APRICOT
APRICOT identifies and characterizes RNA-binding proteins (RBPs) from protein sequences to enable sequence-based investigation of post-transcriptional gene regulation across eukaryotic species (including human and yeast) and bacterial systems.
Key Features:
- Sequence-Based Identification: Leverages known RNA-binding domains (RBDs) from experimental studies using position-specific scoring matrices and Hidden Markov Models to detect RBDs within protein sequences.
- Statistical Scoring: Applies a statistical framework that scores candidate RBPs based on sequence-derived features to distinguish true RBPs from non-binding proteins.
- Characterization of Putative RBPs: Analyzes multiple biological properties of predicted RBPs to provide functional insights.
- Adaptability and Performance: Validated on large-scale protein sets including the Escherichia coli proteome and demonstrated average sensitivity of 0.90 and specificity of 0.91, showing superior performance relative to existing sequence-based RBP prediction tools.
Scientific Applications:
- Post-Transcriptional Gene Regulation: Identifying and characterizing RBPs to inform studies of regulatory networks governing gene expression at the post-transcriptional level.
- Bacterial Proteomics: Enabling exploration of bacterial RBP diversity and functional roles in prokaryotic systems such as Escherichia coli.
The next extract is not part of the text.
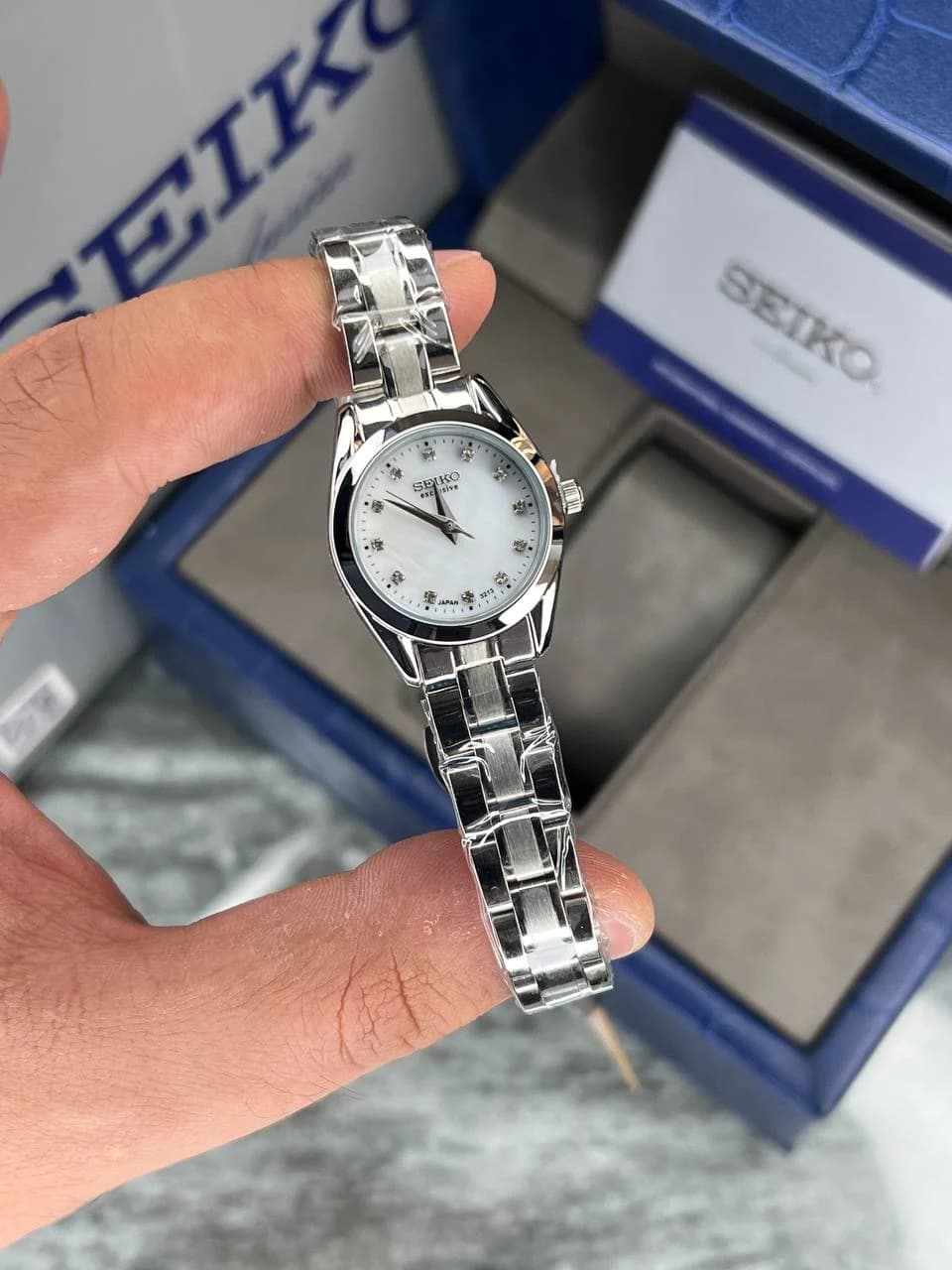 ساعت SEIKO زنانه سیکو اکسکلوسیو مدل 3213 رنگ نقره ای صفحه سفید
- Comparative Genomics: Supporting comparative analyses across species using large protein datasets to discover conserved and species-specific RBP functions.
Methodology:
Uses known RNA-binding domains from experimental studies with position-specific scoring matrices and Hidden Markov Models to detect RBDs and employs a statistical scoring system on sequence-based features to prioritize putative RBPs.
Topics
Details
- Tool Type:
- command-line tool
- Programming Languages:
- Python
- Added:
- 5/29/2018
- Last Updated:
- 12/10/2018
Operations
Publications
Sharan M, Förstner KU, Eulalio A, Vogel J. APRICOT: an integrated computational pipeline for the sequence-based identification and characterization of RNA-binding proteins. Nucleic Acids Research. 2017;45(11):e96-e96. doi:10.1093/nar/gkx137. PMID:28334975. PMCID:PMC5499795.